C’est aujourd’hui  que le monde artistique va célébrer le plasticien Kalidou Kassé pour avoir réussi la prouesse de totaliser quarante ans  de bons et loyaux services au profit de l’art sénégalais. Du serment échangé avec son père à la visite du défunt milliardaire El Hadji Ndiouga Kébé, le Pinceau du Sahel remonte le temps et égrène 40 années d’une vie dédiée à l’art.

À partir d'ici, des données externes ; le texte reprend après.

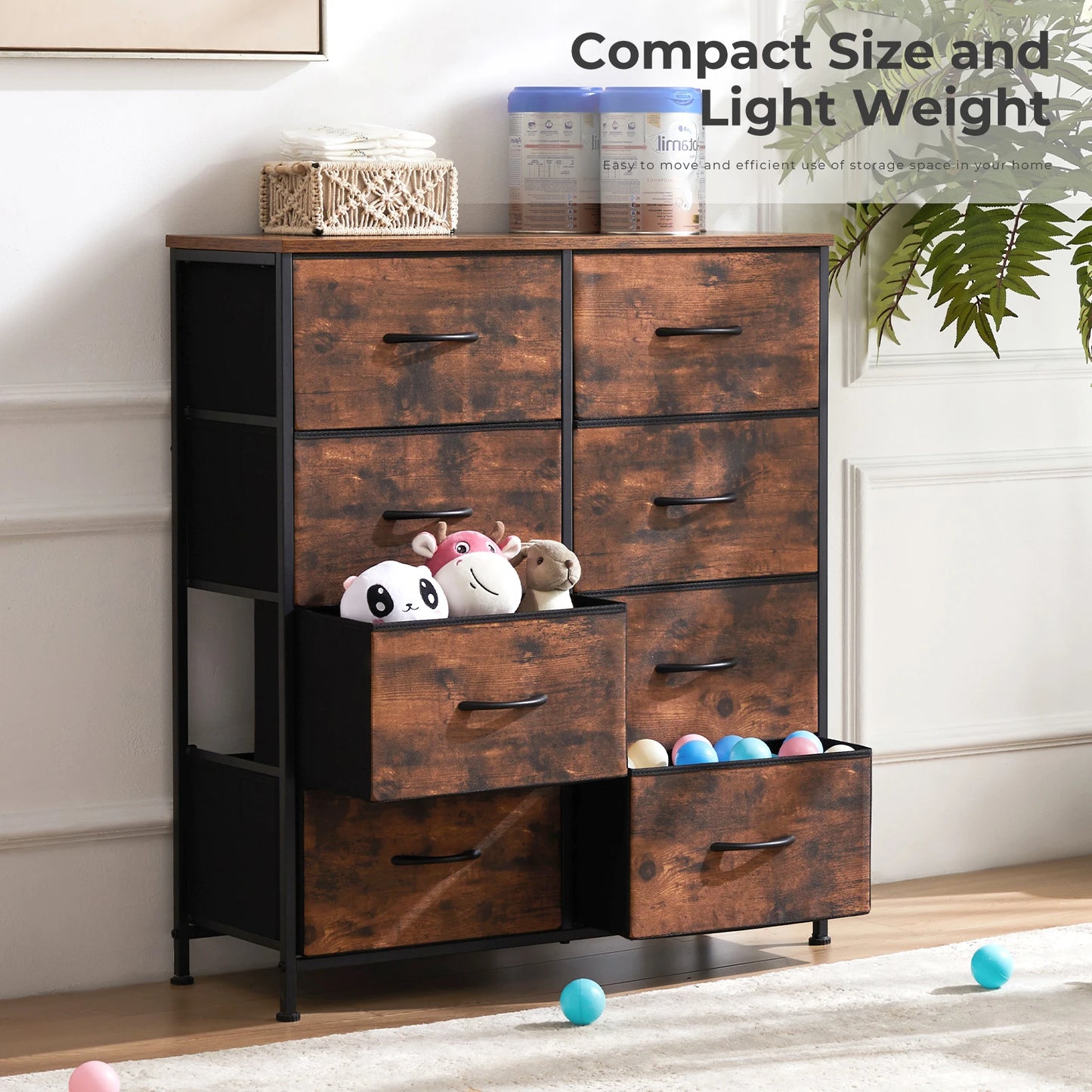 MCQ Modern Metal Frame Storage Cabinet With Eight Drawers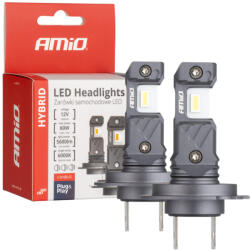 AMiO LED autó fényszóró izzó hibrid sorozat H7 H18 6000K Canbus (2-db párban)60W PRÉMIUM (04115)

Pour devenir artiste, Kalidou Kassé a dû faire un pari avec son père qui voulait qu’il embrasse une autre carrière. 40 ans après, celui que l’on surnomme le Pinceau du Sahel peut être sûr d’avoir fait un pari gagnant car 40 ans de carrière, ça se fête. Et l’artiste-plasticien Kalidou Kassé a mis les petits plats dans les grands pour célébrer comme il se doit ces 40 années dédiées à l’art plastique. L’événement se déroule au Musées des civilisations noires du 27 novembre au 28 décembre prochain  avec comme point d’orgue l’exposition de 50 œuvres sorties du génie créateur de l’artiste. Intitulé «Guiss guiss bou bess»,  l’exposition donne «la nouvelle vision que l’artiste-plasticien veut qu’elle soit : globale, individuelle et collective pour refaire le monde, redire le monde». «Mon père voulait que je sois un agent des chemins de fer. Je ne voulais pas. Je lui ai dit que je voulais pratiquer l’art et que j’allais réussir. Je lui en avais fait le serment», se souvient Kalidou Kassé qui regrette l’absence de son père qui n’est plus de ce monde. Cela l’aurait rendu fier de le voir à ses côtés durant  la célébration des 40 ans de sa carrière. Il éprouve le même sentiment à l’égard  de sa mère qui l’aurait beaucoup influencé dans son choix d’embrasser une carrière  dans l’art. Il était très charmé par la dextérité de ses  mains versée dans  l‘art de sortir des boubous de son imagination fertile. «Ma mère était couturière, elle cousait des boubous, des draps de lit sans recourir à une machine à coudre», souligne celui qui avait une certaine affinité avec ses parents.  «C’étaient mes amis. J’avais de la compassion pour ma mère qui vivait dans une grande famille de polygame», se souvient Kalidou Kassé qui s’employait pour lui venir en aide dans les tâches qu’elle avait l’habitude de faire à la maison. Kalidou Kassé n’hésitait pas à se rendre  au marché pour lui acheter ce dont elle avait besoin pour faire la cuisine.

L’histoire du pari
Premier Sénégalais à ouvrir une galerie d’art au Point E, Kalidou Kassé a réussi à se forger un look singulier avec son béret sur la tête. «Au début, j’ai porté un torpédo. Mais ça ne me convenait pas, j’ai pris un béret», indique l’artiste qui dit avoir été influencé par son défunt père qui s’affichait avec ce look. «J’ai été influencé par mon père qui portait un  béret qui était très élégant. Il y a très longtemps. Parce qu’il était dans son atelier aux chemins de fer en train de travailler et portant son béret. La position m’a tellement plu  que j’ai décidé de porter un béret. C’est comme ça que c’est venu», se remémore M. Kassé qui reste attaché au  béret noir qui, de loin, reste sa couleur de préférence. «On m’offre beaucoup de bérets rouge, jaune, vert, blanc. Mais  je me sens très bien avec ce béret», note l’artiste-plasticien qui dit  avoir fait entre 300 et 400 expositions dans le monde. Ce petit fils de Salah Kassé a partagé avec sa mère la maison familiale à la Médina durant son enfance.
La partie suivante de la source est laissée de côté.